Firefighters on April 11 battled a blaze that grew to 100 acres off RR 1431 in the Singleton Bend Road area near Jonestown. Photos courtesy of Travis County Emergency Services District No. 1

Firefighters on April 11 battled a blaze that grew to 100 acres off RR 1431 in the Singleton Bend Road area near Jonestown. Photos courtesy of Travis County Emergency Services District No. 1

JONESTOWN — A 100-acre brush fire off RR 1431 east of Marble Falls, which resulted in injuries to at least two firefighters, prompted Burnet County officials on April 12 to ask residents not to burn outdoors for the next couple of days due to the fire danger.

The three-day brush fire was first reported at about 7 p.m. April 10 in the 6700 block of Singleton Bend Road, just off Post Oak Bend Loop and RR 1431, outside of Jonestown.

Travis County Emergency Services District No. 1 requested assistance from surrounding agencies and initially kept the blaze, not considered a threat to structures, to about 30 acres.

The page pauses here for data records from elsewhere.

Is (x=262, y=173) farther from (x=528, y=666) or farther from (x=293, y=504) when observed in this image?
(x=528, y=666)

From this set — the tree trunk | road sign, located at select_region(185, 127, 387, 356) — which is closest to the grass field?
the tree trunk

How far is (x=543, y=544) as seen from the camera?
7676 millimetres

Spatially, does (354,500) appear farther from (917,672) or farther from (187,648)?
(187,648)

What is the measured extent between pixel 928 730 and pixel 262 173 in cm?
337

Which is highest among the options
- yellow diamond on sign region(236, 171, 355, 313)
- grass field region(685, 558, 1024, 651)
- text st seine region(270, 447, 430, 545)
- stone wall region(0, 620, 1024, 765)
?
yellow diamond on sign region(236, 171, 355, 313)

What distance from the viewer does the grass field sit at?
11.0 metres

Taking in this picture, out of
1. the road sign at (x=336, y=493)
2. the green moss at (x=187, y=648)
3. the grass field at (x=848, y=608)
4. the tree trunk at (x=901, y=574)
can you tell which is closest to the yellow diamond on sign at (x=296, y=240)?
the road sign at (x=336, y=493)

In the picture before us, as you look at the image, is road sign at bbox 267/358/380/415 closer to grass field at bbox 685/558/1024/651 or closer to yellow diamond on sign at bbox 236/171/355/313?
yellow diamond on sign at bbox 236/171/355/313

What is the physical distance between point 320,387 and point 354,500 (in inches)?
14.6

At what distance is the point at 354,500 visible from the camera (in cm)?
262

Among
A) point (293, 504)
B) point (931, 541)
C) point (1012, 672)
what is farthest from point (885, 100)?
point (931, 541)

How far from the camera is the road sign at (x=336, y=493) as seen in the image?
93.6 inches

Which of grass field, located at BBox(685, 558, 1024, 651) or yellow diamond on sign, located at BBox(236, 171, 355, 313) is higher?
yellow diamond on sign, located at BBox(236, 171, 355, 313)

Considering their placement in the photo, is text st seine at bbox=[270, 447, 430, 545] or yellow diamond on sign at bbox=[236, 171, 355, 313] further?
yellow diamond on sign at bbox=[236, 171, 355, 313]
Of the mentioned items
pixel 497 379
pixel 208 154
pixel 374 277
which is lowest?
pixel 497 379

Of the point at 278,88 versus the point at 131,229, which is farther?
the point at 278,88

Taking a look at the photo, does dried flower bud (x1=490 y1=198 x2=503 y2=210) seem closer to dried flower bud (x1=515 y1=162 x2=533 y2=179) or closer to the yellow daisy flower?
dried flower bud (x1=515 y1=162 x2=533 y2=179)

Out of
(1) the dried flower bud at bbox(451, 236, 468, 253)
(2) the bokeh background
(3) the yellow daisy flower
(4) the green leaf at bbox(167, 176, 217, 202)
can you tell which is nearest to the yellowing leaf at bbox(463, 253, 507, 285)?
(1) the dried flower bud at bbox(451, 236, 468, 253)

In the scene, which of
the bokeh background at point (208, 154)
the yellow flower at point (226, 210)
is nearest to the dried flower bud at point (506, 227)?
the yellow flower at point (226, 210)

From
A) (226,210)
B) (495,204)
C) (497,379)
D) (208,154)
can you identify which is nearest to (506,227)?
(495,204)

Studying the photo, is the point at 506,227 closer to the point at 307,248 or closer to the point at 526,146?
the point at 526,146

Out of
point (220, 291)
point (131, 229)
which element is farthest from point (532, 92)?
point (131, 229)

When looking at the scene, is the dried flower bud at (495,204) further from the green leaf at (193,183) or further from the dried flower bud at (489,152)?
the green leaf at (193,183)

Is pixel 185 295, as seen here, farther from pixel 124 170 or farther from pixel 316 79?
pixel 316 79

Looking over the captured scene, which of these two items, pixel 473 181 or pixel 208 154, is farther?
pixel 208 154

By mid-morning the next day, the fire restarted, so state and local agencies, including the Marble Falls Area Volunteer Fire Department, launched into action.

Several Central Texas agencies, including from Burnet County, spent at least three days from April 10-12 battling a brush fire between Marble Falls and Jonestown. At least two firefighters have suffered injuries.

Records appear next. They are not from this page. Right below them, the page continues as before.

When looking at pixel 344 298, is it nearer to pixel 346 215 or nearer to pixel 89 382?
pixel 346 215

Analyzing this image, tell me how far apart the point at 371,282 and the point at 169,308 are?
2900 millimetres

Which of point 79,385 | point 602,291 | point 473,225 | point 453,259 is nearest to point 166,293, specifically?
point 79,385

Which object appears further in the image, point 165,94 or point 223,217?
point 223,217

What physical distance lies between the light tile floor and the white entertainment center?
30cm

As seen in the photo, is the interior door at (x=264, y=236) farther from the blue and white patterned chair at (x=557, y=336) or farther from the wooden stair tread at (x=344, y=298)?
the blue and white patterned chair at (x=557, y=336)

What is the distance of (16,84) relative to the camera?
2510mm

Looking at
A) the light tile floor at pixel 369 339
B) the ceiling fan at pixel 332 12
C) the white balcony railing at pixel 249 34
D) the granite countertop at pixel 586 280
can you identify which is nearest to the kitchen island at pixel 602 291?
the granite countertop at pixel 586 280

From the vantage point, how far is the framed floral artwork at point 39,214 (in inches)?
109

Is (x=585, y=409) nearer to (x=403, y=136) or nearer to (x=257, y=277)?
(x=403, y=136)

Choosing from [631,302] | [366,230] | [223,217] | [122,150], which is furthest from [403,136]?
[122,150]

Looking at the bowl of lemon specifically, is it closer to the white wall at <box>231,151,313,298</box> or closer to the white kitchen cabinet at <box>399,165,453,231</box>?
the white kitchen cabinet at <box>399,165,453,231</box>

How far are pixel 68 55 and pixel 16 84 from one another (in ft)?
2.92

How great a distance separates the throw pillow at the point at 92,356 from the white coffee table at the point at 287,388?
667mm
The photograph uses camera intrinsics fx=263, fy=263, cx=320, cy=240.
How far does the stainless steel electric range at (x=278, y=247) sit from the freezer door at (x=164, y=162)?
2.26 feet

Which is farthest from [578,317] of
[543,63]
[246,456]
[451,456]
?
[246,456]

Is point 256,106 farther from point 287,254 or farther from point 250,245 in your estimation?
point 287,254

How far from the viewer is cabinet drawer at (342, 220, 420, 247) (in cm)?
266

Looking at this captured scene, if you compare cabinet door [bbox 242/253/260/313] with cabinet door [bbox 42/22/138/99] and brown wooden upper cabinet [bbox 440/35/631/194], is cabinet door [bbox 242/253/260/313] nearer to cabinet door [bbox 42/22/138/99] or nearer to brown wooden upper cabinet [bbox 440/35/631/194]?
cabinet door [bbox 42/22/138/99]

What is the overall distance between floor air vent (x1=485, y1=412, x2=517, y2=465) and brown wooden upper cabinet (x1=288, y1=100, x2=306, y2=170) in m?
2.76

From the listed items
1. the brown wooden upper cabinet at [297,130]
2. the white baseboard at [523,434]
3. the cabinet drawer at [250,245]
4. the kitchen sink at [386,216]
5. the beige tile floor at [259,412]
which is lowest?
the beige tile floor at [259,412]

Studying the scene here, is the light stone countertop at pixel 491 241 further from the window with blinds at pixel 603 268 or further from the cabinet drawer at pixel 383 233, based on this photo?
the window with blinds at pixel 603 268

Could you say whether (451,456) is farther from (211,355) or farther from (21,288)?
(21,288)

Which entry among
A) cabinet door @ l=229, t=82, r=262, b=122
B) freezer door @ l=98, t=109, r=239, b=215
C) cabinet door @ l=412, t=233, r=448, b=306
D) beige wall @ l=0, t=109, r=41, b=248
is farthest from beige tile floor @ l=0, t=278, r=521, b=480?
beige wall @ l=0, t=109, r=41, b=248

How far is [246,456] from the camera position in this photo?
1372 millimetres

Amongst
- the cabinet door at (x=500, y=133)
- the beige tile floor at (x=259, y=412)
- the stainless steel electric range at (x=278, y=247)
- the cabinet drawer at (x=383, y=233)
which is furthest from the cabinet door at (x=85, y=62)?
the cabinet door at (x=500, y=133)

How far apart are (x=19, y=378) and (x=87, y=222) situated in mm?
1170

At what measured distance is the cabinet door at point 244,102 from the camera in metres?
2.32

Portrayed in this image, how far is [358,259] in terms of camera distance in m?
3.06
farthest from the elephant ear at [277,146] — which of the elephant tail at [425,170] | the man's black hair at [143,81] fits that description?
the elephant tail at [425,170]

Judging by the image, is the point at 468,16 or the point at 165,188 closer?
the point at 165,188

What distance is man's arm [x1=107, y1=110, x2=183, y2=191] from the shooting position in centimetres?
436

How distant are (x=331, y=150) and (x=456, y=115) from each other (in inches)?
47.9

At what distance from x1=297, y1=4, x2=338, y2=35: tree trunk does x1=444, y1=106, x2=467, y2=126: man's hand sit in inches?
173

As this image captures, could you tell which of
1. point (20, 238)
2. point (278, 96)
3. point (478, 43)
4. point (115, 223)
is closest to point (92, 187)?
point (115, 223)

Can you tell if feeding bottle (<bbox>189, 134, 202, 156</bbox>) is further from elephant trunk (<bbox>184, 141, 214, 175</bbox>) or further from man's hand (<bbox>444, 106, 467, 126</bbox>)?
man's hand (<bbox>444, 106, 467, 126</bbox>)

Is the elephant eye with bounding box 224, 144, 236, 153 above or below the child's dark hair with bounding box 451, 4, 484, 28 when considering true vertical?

Several Central Texas agencies, including from Burnet County, spent at least three days from April 10-12 battling a brush fire between Marble Falls and Jonestown. At least two firefighters have suffered injuries.

“High winds, low humidity — these are characteristics that make it dangerous,” Marble Falls Area VFD Fire Chief Mike Phillips said.

Winds reportedly gusted up to 18 mph on April 11.

At least two firefighters were transported to the emergency room due to non-life-threatening injuries sustained on the scene. One of those injuries happened when a shift in wind direction trapped personnel within the blaze, according to a statement by Travis County ESD No. 1.

Travis County’s STAR Flight helicopter and the Texas A&M Forest Service also assisted to help keep the fire from structures and the main roadway.

By about 2 p.m. April 12, agencies reported the blaze was primarily contained; however, personnel were expected to remain at the scene to battle hot spots and prevent flareups.

STAR Flight conducted water drops April 11 to try to mitigate the spread of a 100-acre brush fire in the Singleton Bend Road area near Jonestown.

STAR Flight conducted water drops April 11 to try to mitigate the spread of a 100-acre brush fire in the Singleton Bend Road area near Jonestown.

The incident prompted Burnet County authorities to ask residents to postpone any outdoor burning for at least a couple of days, even though no official ban is in place.

“Weather conditions make it prohibitive to burn due to the high winds and lack of humidity,” Phillips said.

Llano and Travis counties have implemented bans on outdoor burning.

Lower Colorado River Authority meteorologist Bob Rose predicted a 40-50 percent chance of rain and thunderstorms in parts of Central Texas on Friday, April 13.

Less than a quarter-inch of rain is expected in the Hill Country.